My daughter is a huge fan of snack sausages made of seitan. There’s one made with pumpkin seeds that she asks for every time we shop at the health food store. And I cannot blame her, I really like that one, too! But of course those little sausages are quite expensive. Recently F has discoverd that she likes to help me cooking and sometimes runs into the kitchen declaring “I want to cook something!” Yesterday evening I suggested we could make our own pumpkin sausages and F loved the idea since it would include stirring the ingredients and kneading the dough. I admit that I simply copied the ingredient list for the pumpkin sausages that I had found online. The sausage doesn’t taste exactly like the original version but it was a really great activity we did together. I can already imagine the weird looks she’ll get from people whenever she tells them she makes her own sausage.
Pumpkin Seed Seitan Sausage (makes 4 sausages)
50 g (1/3 cup heaped) toasted pumpkin seeds
140 g (1 cup) vital wheat gluten
18 g (4 tablespoons) nutritional yeast
1 teaspoon granulated onion or onion powder
1 teaspoon paprika powder
1/2 teaspoon ground black pepper, or to taste
3 tablespoons melted refined coconut oil
3 tablespoons soy sauce
1/2 tablespoon liquid smoke
180 ml (3/4 cup) cold water
2 cloves garlic, pressed
1/2 teaspoon salt to taste
Grind the toasted pumpkin seeds and mix with gluten powder, nutritional yeast, onion powder, paprika, and black pepper.
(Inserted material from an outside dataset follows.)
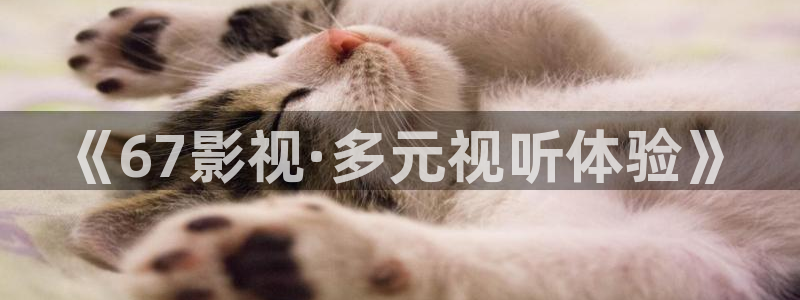 西瓜辽宁
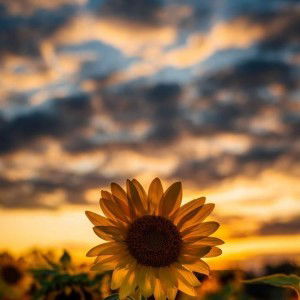 Rapita Sari profile icon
Combine coconut oil, soy sauce, water, liquid smoke, and garlic and mix with dry ingredients. Add salt to taste. ) Knead really well.
Have ready a large pot with a steamer basket and water. Bring the water to a boil while covering the pot with a lid.
Have four sheets of aluminium foil ready (letter size) and divide the dough between the foil pieces. Form the dough into a log and wrap in foil. Place in the pot with boiling water and steam for 45 minutes. Remove and let cool completely then transfer to the fridge and let rest over night. Serve fried or eat as a snack.